For instance, consider the last time you grabbed a quick lunch from the drive-through at a local fast-food place. That lunch served to fulfill a basic need (hunger) and, to that extent, it was an achievement of a value. But contrast that with the last time you went out for dinner with your spouse or a good friend. You are fulfilling the same basic need, but it’s obviously a lot more important. The meal itself is a full experience, and it fulfills a lot of needs simultaneously. But the primary motive is the value of both the food and the company, not the mere fulfilling of needs as such.

Based on that example, it’s obvious that one can do something simply to fulfill a need (and often it’s appropriate, such as a quick lunch when you have work to focus on). But, as a generalized characterization of human nature, I think it’s incorrect. (By the way, I’m not suggesting that this view is necessarily behind the question asked; I’m just taking a brief sidebar here to illustrate a point.)

Now I’ll respond to two other scenarios offered in the comments to my original post.

If your relative is sick and needs a kidney, why do the altruistic thing and refrain from killing your neighbor and taking his kidney? You should do the egoistic thing – kill the neighbor, take the kidney, and save your wife. What I’m saying is, if you play at the extremities of any value, you can make an easy case against it.

As the last sentence indicates, the scenario is an attempt to take altruism and egoism to an extreme point and, thereby, allegedly demonstrate their absurdity or unreasonableness. There’s only one problem: refraining from killing your neighbor then stealing his kidney to save your wife is not an example of altruism, just as killing your neighbor then taking his kidney to save your wife is not an example of egoism.

Man’s nature indicates that he has a fundamental right to his own property, his body being the most essential property he owns. To kill a man and take his kidney is to violate this right, i.e., become a dangerous criminal. Further, it is to uphold the idea that physical force against innocent men is a legitimate means of dealing with others. You need a kidney, another guy has one, therefore you are allowed to take it by force if he’s not willing to give it up voluntarily.

However, if one upholds the right of physically forcing others to comply with his needs, then how is it that other men don’t have the same right? How can the thug, when he gets it back, claim victimization? By violating the rights of others, the thug loses any claim to protection from the same actions by others. I believe this is the point James Grice (a.k.a. The Relentless Man) made in his comments.

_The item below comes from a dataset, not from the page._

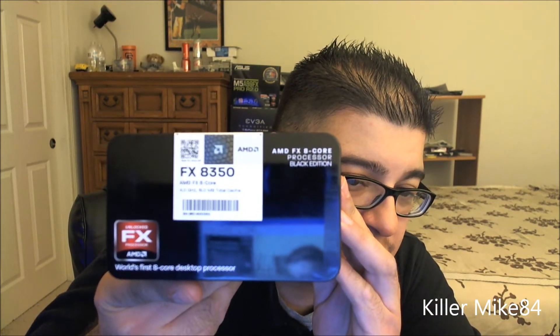It's stocked at 4.0 gigahertz with sixteen megs of cache — L1, L2, and L3 combined. A lot of people always talk bad about AMD and their CPUs, but to be honest I'm really happy with it.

Therefore, it cannot possibly be in one’s self-interest, i.e., egoistic, to kill his neighbor, steal his kidney, and use it for his wife. If anything, it puts his wife in more jeopardy. After all, perhaps the neighbor has a spouse, too, who doesn’t take kindly to the murder and seeks revenge by hurting the killer (or his wife who now has the kidney). Or, what if the killer simply gets caught by the police, tried, convicted, and sentenced to prison. Now his wife is alone and has to live with the fact that her life continues because an innocent person died by her husband’s hands. This result is rationally self-interested? I don’t think so. In fact, it is precisely not killing the neighbor that is egoistic, for all the reasons I just indicated.

More than all this, the formulation of the scenario is not “play[ing] at the extremities of any value…” It is precisely assigning the wrong definitions to the concepts of egoism and altruism. As a result, one does not make an “easy case” against them. Instead, it only demonstrates how easy it is to accept altruism’s terms of the debate.

It is altruism that defines egoists as murderers. It’s part of the psychological manipulation I wrote about. It seeks to implant the idea that selfishness is the same as murder, thereby inducing a guilt reaction every time you experience a personal benefit and pleasure from your own actions. The irony is that a person who actually did murder his innocent neighbor would justify it not on egoistic terms, but altruistic ones. He would claim that his actions were to benefit his wife, not himself. Fulfilling others’ needs is the rationalization of all thuggery.

What if by giving money to a homeless shelter instead of buying a second sailboat, you help forestall the eventual violent revolution of the downtrodden until after your death? Are you a sneaky, successful egoist or a foiled, frustrated altruist?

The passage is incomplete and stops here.